Moisture recycling via evapotranspiration (ET) is often invoked as a mechanism for the high deuterium excess signals observed in continental precipitation (dP). However, a global-scale analysis of precipitation monitoring station isotope data shows that metrics of ET contributions to precipitation (van der Ent et al., 2014) explain little dp variability on seasonal timescales. This occurs despite the fact that ET contributions increase by ~50% in continental locations such as the Eurasian interior from wet to dry seasons. To explain this apparent paradox, we hypothesize that the effects of ET on dP are dampened during dry seasons due to contributions from isotopically-evolved residual water storage that act to lower the d-excess of ET fluxes (dET), in combination with changes in transpiration fraction (T/ET). To test this hypothesis, we develop a parsimonious two-season (wet, dry) model for dET incorporating residual water storage and ET partitioning effects. We find that in environments with limited water storage, such as shallow-rooted grasslands, dry season dET is lower than wet season dET despite lower relative humidity. As global average ratios of annual water storage to precipitation are relatively low (Guntner et al., 2007), these dynamics may be widespread over continents.
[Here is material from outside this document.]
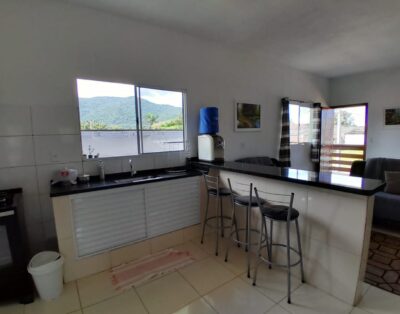 Privado: Casa superior próximo a praias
In environments where water storage is not limiting, such as groundwater-dependent ecosystems, dry season dET is still likely lower; however, this effect arises instead due to higher seasonal T/ET when energy-driven plant water use is enhanced and surface evaporation is relatively limited by water availability. Together, these analyses also indicate multiple mechanisms by which dET may be lower than dp during the same season, challenging the view that moisture recycling feedback increases the dp in continental interiors. This work demonstrates the potential complexity of seasonal dp dynamics and cautions against simple interpretations of dP as a process tracer for moisture recycling. References: Guntner et al., 2007. Water Resour. Res., 43, W05416. van der Ent et al., 2014. Earth Syst. Dynam., 5, 471–489.